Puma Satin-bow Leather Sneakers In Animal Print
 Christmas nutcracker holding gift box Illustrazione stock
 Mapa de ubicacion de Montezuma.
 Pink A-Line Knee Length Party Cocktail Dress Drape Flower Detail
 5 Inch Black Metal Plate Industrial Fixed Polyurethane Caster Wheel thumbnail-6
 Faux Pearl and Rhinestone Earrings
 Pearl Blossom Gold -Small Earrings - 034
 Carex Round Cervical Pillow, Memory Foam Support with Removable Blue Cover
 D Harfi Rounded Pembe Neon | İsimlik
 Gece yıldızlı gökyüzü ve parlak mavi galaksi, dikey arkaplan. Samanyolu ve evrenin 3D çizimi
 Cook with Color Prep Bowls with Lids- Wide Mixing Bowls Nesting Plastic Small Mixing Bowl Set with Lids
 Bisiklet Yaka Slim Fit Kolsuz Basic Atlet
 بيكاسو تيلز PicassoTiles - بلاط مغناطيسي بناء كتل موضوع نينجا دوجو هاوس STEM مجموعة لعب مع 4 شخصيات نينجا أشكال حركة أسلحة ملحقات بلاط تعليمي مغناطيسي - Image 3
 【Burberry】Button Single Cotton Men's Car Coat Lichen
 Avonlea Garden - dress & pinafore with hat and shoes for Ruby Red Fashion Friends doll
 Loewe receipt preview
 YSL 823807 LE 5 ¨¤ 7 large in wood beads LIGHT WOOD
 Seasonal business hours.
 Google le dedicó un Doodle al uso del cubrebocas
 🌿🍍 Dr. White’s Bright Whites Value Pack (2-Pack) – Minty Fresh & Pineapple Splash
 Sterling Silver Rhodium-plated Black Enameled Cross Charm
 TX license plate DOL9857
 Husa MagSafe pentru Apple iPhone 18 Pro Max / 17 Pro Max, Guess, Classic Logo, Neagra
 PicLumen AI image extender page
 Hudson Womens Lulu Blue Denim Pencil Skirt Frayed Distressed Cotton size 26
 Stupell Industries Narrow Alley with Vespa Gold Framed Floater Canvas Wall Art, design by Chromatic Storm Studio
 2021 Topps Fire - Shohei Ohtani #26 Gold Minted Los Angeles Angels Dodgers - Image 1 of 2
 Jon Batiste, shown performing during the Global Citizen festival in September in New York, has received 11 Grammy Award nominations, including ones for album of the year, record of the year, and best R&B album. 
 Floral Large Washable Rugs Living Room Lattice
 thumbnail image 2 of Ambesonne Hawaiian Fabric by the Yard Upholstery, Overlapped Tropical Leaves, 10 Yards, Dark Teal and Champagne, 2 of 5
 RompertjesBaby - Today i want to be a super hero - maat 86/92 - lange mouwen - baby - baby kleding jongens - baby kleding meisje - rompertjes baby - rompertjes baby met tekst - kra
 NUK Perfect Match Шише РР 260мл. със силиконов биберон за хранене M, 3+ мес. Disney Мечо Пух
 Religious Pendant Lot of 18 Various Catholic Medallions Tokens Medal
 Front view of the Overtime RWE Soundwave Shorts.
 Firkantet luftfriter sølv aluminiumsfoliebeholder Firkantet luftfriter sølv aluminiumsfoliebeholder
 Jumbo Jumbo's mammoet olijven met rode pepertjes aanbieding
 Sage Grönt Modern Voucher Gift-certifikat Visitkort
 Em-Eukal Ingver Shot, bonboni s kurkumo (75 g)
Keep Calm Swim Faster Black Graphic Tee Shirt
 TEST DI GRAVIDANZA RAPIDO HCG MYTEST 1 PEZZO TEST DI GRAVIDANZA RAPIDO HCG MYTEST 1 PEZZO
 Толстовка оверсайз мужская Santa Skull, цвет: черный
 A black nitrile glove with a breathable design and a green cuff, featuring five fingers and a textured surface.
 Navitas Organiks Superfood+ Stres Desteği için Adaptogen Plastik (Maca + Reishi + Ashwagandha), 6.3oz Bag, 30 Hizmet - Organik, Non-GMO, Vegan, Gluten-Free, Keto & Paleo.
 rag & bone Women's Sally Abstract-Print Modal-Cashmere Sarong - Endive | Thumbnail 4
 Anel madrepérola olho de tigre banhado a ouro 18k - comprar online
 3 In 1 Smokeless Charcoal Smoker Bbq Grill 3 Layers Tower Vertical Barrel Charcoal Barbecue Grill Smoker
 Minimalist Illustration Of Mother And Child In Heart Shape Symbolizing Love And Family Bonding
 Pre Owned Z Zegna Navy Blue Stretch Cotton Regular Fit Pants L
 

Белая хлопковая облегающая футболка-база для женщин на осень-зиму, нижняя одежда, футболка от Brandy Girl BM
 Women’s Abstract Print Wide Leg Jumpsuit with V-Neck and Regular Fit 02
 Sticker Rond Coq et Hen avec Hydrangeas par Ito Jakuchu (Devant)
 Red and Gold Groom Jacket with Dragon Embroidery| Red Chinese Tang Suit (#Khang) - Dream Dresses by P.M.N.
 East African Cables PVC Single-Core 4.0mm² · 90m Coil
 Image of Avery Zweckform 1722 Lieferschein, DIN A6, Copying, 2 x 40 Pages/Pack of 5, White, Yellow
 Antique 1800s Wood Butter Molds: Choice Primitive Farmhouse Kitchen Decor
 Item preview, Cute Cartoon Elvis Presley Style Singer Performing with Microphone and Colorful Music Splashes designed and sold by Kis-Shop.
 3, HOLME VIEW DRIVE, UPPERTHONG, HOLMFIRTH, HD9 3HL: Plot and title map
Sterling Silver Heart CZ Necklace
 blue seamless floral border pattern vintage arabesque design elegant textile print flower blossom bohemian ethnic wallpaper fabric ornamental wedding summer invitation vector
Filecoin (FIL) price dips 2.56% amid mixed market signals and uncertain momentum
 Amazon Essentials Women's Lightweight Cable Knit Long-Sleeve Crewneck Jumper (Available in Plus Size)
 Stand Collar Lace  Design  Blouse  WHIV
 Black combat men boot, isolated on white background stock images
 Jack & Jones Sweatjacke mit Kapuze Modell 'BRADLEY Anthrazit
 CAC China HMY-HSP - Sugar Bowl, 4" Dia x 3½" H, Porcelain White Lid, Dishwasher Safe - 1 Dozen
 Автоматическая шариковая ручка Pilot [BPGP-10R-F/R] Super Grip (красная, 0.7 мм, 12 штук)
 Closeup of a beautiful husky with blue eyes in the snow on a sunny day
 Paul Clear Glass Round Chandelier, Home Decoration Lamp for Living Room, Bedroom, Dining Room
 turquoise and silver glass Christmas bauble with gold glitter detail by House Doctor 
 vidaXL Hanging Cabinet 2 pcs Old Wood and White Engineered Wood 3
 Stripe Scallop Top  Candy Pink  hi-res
————————
### What the exercise asks
Copy only this part of the entries above: the line with "Mapa de ubicacion de Montezuma.", the line with "TX license plate DOL9857", and the lines between, all exactly as written.

### Task result
 Mapa de ubicacion de Montezuma.
 Pink A-Line Knee Length Party Cocktail Dress Drape Flower Detail
 5 Inch Black Metal Plate Industrial Fixed Polyurethane Caster Wheel thumbnail-6
 Faux Pearl and Rhinestone Earrings
 Pearl Blossom Gold -Small Earrings - 034
 Carex Round Cervical Pillow, Memory Foam Support with Removable Blue Cover
 D Harfi Rounded Pembe Neon | İsimlik
 Gece yıldızlı gökyüzü ve parlak mavi galaksi, dikey arkaplan. Samanyolu ve evrenin 3D çizimi
 Cook with Color Prep Bowls with Lids- Wide Mixing Bowls Nesting Plastic Small Mixing Bowl Set with Lids
 Bisiklet Yaka Slim Fit Kolsuz Basic Atlet
 بيكاسو تيلز PicassoTiles - بلاط مغناطيسي بناء كتل موضوع نينجا دوجو هاوس STEM مجموعة لعب مع 4 شخصيات نينجا أشكال حركة أسلحة ملحقات بلاط تعليمي مغناطيسي - Image 3
 【Burberry】Button Single Cotton Men's Car Coat Lichen
 Avonlea Garden - dress & pinafore with hat and shoes for Ruby Red Fashion Friends doll
 Loewe receipt preview
 YSL 823807 LE 5 ¨¤ 7 large in wood beads LIGHT WOOD
 Seasonal business hours.
 Google le dedicó un Doodle al uso del cubrebocas
 🌿🍍 Dr. White’s Bright Whites Value Pack (2-Pack) – Minty Fresh & Pineapple Splash
 Sterling Silver Rhodium-plated Black Enameled Cross Charm
 TX license plate DOL9857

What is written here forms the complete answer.